The Delhi High Court sought the responses of the
city government and police on Thursday on a plea moved by an NGO, alleging that
its members were attacked while they were carrying out a raid to rescue child
labourers from industrial units.
The NGO, Bachpan Bachao Andolan (BBA), said a team
comprising its members, members of its partner NGO and government officials
were carrying out a rescue operation for child labourers when they were
brutally attacked by a mob, leading to injuries to many of them.
It said all the rescued children, except one, were
snatched by the mob allegedly at the behest of traffickers.
A bench of Chief Justice Satish Chandra Sharma and
Justice Subramonium Prasad issued a notice on the application and asked the
authorities concerned to respond to it within four weeks.

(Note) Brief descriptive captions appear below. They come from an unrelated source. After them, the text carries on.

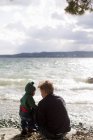 Père et petite fille accroupis au bord du lac, lac Starnberg, Bavière, Allemagne — Photo de stock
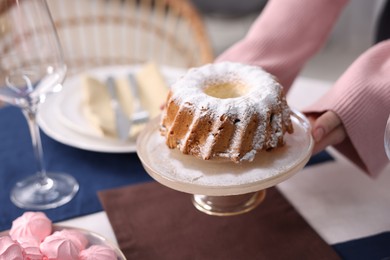 Photo of Woman setting table for dinner at home, closeup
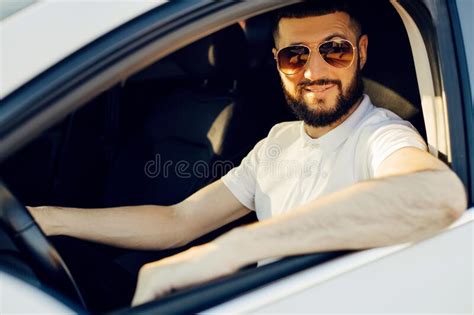 Front View Young Handsome Man Looking Straight While Driving A Car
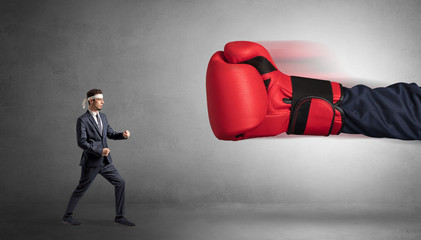 Little man fighting with a giant red boxing glove
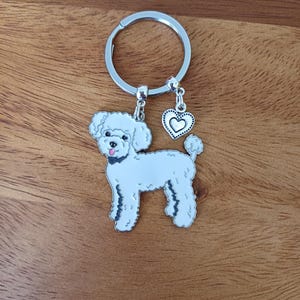 May include: A silver keychain featuring a white poodle charm and a silver heart charm. The poodle charm has black eyes and a pink nose.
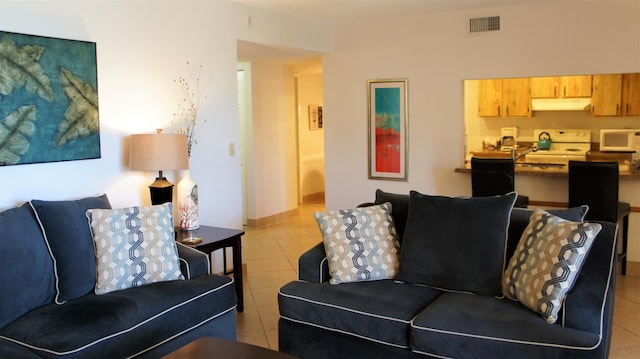 living room with light tile patterned floors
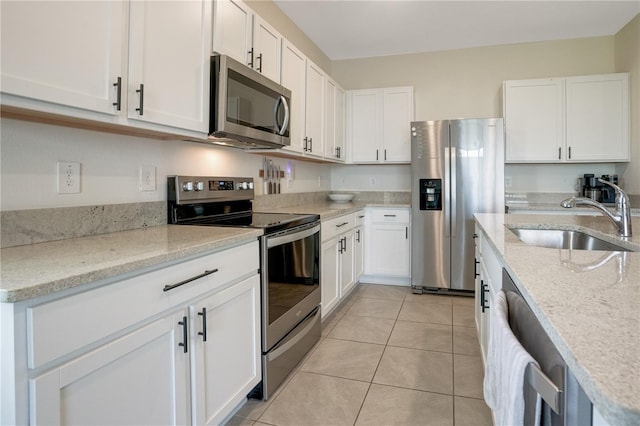 kitchen featuring white cabinetry, sink, light stone counters, and stainless steel appliances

The court has listed the matter for further hearing
on August 4.
The high court, which had earlier directed that
minors found working in industrial units be rescued and rehabilitated, had
observed that children who ought to have been studying in schools were forced
to work at these unhygienic and inhabitable places where accidents were waiting
to happen.
The court was hearing an application filed by the
NGO, seeking directions to the authorities for immediate action in the matter,
including placing the alleged offenders under arrest and tracing out the 20-25
children forcibly snatched away from the rescue team by the mob.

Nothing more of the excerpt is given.